═══ Provided records ═══

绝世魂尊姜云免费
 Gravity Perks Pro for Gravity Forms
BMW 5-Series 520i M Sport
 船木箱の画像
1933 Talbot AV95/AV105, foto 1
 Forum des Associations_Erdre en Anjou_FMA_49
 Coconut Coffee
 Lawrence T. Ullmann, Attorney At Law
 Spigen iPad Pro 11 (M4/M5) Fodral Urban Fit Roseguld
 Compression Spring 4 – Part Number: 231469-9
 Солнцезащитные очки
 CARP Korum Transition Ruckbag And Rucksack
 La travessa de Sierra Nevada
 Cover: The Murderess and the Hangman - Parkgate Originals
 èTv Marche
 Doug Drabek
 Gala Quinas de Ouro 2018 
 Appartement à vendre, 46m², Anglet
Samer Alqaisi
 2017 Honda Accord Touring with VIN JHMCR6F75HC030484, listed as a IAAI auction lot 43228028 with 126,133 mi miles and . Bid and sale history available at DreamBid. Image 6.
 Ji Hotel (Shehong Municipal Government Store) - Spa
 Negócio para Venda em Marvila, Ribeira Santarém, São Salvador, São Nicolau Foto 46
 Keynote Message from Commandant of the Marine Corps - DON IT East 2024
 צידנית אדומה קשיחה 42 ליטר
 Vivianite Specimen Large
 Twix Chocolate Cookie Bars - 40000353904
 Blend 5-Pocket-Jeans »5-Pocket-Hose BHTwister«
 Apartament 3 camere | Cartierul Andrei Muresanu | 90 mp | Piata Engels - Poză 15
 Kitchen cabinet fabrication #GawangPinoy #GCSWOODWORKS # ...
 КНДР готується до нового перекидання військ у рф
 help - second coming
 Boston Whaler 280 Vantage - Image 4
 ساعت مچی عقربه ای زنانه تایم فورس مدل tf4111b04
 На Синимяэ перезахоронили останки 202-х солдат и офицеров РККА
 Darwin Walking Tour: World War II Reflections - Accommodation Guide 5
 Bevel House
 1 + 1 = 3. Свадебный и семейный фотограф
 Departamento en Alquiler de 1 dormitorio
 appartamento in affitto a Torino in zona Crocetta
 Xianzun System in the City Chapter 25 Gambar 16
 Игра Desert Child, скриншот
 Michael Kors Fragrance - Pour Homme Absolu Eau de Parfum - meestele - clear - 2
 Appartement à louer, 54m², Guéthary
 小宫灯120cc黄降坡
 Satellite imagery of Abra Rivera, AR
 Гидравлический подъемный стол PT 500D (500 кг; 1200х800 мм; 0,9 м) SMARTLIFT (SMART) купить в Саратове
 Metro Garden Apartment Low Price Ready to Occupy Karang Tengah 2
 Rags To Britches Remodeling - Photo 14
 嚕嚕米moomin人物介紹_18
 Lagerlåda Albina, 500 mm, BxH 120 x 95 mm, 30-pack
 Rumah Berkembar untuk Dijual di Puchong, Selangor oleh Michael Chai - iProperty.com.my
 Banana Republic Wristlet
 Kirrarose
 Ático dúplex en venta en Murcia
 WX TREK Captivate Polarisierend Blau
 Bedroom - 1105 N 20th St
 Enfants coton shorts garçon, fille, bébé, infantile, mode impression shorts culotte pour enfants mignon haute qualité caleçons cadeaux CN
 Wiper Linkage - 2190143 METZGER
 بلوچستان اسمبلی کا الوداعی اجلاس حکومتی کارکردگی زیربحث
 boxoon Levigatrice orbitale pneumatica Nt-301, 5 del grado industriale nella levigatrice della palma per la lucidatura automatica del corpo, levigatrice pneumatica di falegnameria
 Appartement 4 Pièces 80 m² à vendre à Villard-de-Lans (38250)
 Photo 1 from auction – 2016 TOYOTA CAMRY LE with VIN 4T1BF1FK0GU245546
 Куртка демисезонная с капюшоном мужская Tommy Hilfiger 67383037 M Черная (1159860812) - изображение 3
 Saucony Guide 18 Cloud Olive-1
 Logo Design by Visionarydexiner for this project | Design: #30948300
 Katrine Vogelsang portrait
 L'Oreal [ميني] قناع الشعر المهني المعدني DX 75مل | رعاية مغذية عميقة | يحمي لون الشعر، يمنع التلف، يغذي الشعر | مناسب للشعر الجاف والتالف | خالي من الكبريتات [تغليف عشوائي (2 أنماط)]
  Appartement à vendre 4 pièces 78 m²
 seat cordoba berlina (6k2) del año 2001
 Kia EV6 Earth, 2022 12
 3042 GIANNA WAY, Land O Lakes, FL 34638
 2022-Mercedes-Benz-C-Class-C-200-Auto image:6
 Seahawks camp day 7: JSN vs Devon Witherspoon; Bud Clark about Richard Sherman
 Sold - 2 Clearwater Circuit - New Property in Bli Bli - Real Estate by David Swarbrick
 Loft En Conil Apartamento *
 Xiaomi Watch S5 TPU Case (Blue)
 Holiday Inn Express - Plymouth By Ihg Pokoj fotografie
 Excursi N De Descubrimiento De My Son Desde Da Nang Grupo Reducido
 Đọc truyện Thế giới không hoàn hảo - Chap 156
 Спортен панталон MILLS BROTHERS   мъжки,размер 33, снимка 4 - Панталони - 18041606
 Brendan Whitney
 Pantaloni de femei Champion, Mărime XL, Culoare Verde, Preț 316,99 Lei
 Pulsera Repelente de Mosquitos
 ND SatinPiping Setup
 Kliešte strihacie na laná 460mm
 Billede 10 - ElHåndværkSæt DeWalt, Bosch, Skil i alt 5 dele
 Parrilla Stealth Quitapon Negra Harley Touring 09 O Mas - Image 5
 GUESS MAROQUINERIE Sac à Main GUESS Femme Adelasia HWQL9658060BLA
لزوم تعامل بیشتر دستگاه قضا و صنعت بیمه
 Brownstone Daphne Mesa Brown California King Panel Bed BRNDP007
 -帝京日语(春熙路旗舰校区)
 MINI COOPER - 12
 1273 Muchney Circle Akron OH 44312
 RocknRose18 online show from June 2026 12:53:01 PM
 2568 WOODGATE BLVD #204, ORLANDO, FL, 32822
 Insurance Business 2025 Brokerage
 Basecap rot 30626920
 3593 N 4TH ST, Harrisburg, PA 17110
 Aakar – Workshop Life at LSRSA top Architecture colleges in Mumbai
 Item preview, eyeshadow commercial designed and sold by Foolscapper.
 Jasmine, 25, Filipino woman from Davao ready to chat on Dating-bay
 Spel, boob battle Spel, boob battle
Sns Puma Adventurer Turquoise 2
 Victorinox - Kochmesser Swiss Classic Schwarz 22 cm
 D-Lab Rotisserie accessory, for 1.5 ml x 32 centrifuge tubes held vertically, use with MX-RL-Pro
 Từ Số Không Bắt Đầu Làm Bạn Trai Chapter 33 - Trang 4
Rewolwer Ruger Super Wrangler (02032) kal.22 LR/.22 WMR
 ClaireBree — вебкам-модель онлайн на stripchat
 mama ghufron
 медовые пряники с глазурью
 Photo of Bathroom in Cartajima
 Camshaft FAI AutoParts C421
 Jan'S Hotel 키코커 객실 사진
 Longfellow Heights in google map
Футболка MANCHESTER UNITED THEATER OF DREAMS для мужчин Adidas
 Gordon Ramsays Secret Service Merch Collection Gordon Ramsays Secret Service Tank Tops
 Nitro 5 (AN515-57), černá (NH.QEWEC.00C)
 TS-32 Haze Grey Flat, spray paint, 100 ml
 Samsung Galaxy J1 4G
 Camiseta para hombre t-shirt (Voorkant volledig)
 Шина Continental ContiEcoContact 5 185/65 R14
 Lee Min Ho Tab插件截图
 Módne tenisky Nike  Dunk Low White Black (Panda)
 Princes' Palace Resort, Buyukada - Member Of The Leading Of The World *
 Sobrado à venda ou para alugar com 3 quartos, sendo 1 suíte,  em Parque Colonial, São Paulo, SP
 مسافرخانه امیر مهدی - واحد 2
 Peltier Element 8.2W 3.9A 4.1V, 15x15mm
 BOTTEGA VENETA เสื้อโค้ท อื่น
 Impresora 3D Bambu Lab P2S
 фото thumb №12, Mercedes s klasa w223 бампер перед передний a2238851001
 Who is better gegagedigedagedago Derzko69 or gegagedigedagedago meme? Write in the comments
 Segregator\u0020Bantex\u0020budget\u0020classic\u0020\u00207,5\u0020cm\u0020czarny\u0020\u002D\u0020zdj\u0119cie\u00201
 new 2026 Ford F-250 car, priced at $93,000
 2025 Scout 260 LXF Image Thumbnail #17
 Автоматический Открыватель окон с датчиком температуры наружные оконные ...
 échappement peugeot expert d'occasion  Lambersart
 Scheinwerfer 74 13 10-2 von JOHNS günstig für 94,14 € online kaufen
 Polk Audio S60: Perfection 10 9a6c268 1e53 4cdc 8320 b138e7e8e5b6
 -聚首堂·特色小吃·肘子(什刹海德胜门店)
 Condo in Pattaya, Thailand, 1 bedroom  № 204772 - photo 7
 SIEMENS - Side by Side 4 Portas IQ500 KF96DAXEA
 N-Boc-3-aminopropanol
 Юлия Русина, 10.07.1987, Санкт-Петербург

═══

= Try it =
Working through the listing above, count every line that holds "Mercedes" and answer with the count alone.

= Solution for this exercise =
2